> [Problem details]
Beginning at the top of the entries below, retype each line exactly until the line containing "The image shows" has been written out; include no pictures and no later lines.

Information supplied Start Marker

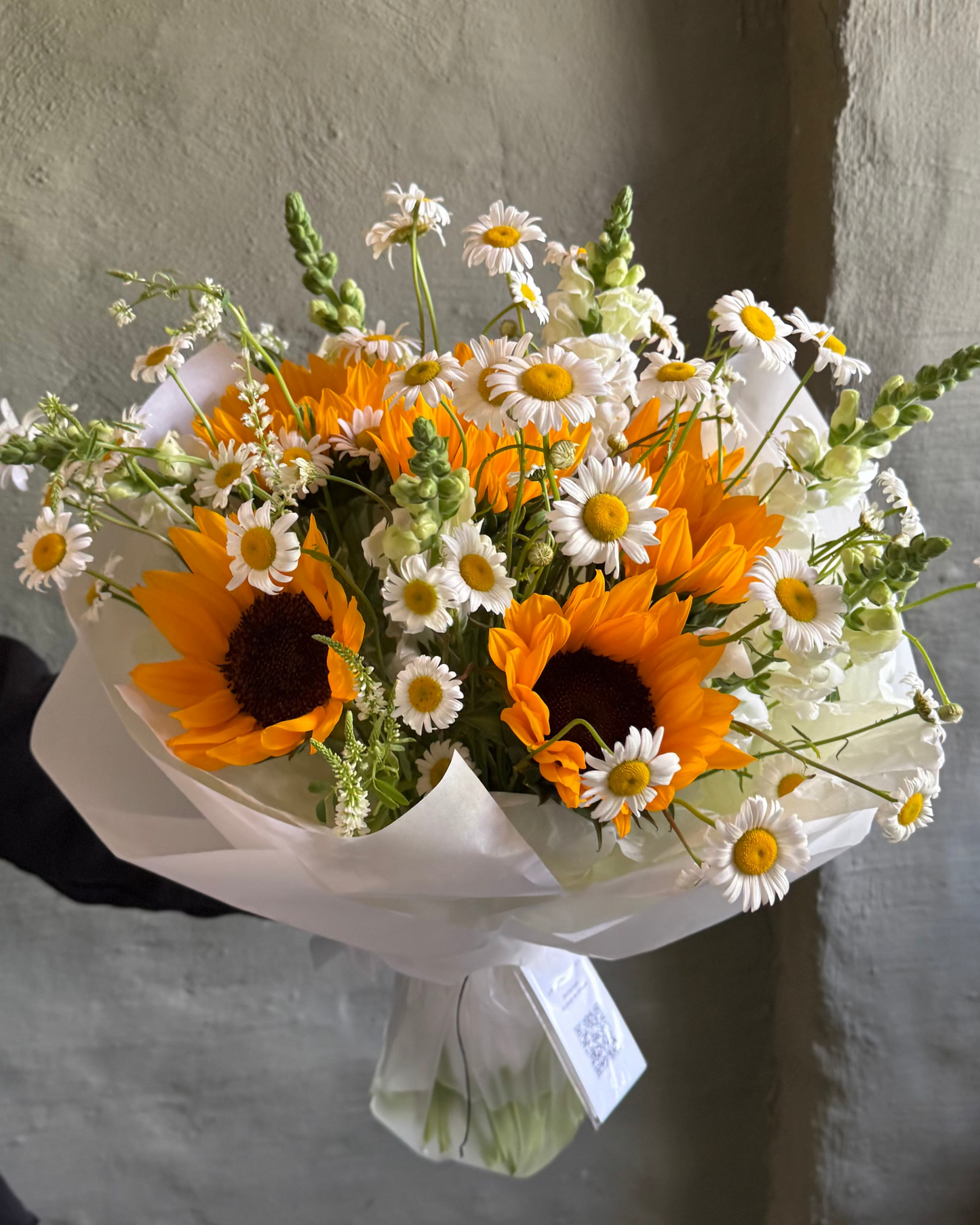 Bouquet of sunflowers and daisies wrapped in white paper against a textured wall.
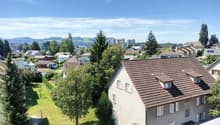 The image shows a residential neighborhood with a mix of single-family homes and multi-story apartment buildings. The area is surrounded by lush greenery, including trees and well-maintained lawns. The buildings have a mix of architectural styles, with so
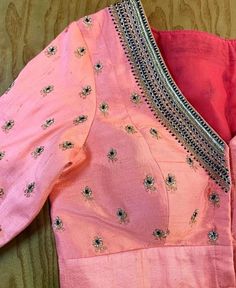 Hand embroidered ready made saree blouse / crop top/stitched saree blouse usa / onion pink saree blouse/modern blouse/zardosi blouse/elbow sleeve saree blouse/ pure silk blouse/ light pink maggam work blouse            Well..!! we understand that you may not get in your desired size/pattern, here you go with customization according to your size/pattern which we can deliver in 1-2 weeks of time period !!      Here is a beautiful Hand embroidered zardosi work crop top / blouse in peach pink color that has deep V neck with hand knot embroidered border and butis all over sleeves and necks as shown!! This is saree blouse has elbow sleeves with butis all over the body , Runs with any self or contrast color saree !! Please message us for any color / size customization !!       Fabric : pure raw s Hand Embroidery Blouse, Ready Made Blouse, Maggam Blouse, Hand Embroidered Blouse, Traditional Blouse Designs, New Blouse Designs, Sari Blouse Designs, Blouse Designs Indian, Simple Blouse Designs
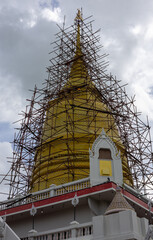 old golden yellow stupa with iron scaffolding.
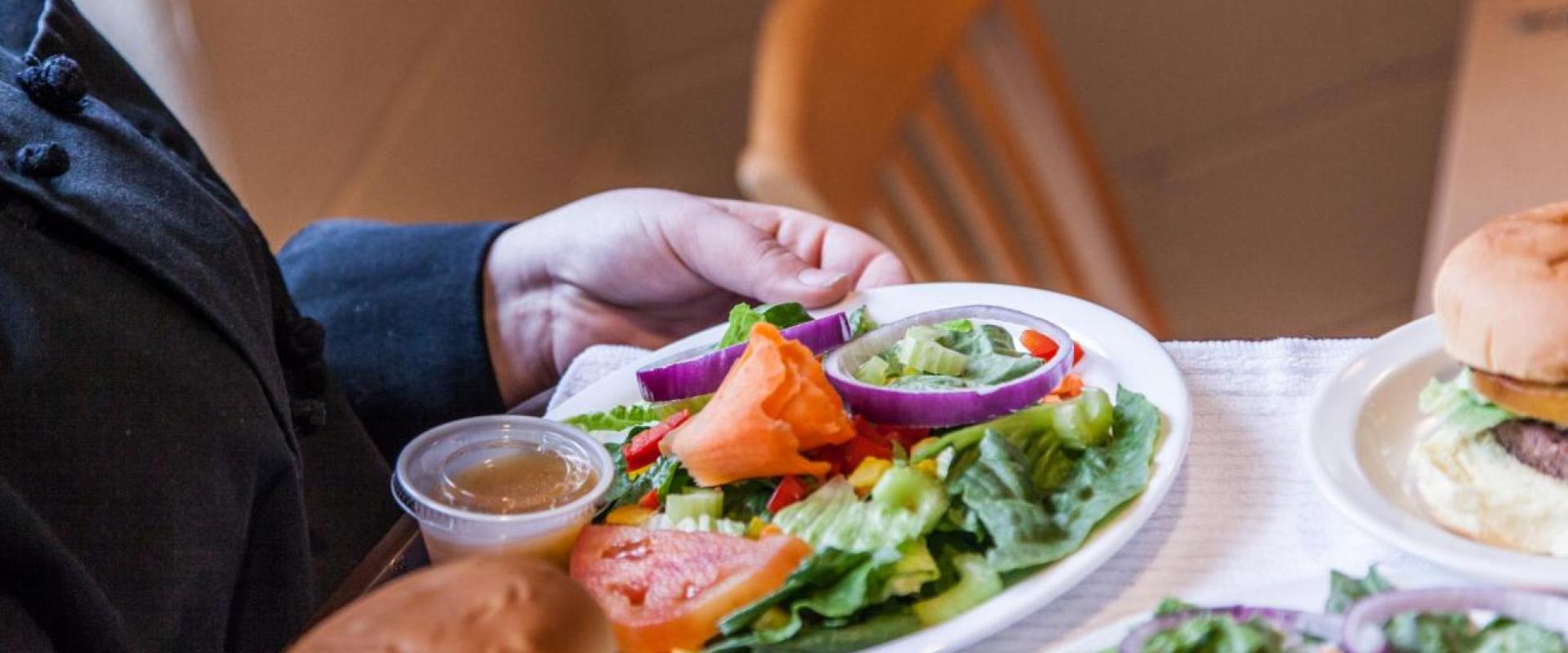 A student serving a salad and a burger in the student ran restaurant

Information supplied End Marker

> [Your response]
 Bouquet of sunflowers and daisies wrapped in white paper against a textured wall.
 The image shows a residential neighborhood with a mix of single-family homes and multi-story apartment buildings. The area is surrounded by lush greenery, including trees and well-maintained lawns. The buildings have a mix of architectural styles, with so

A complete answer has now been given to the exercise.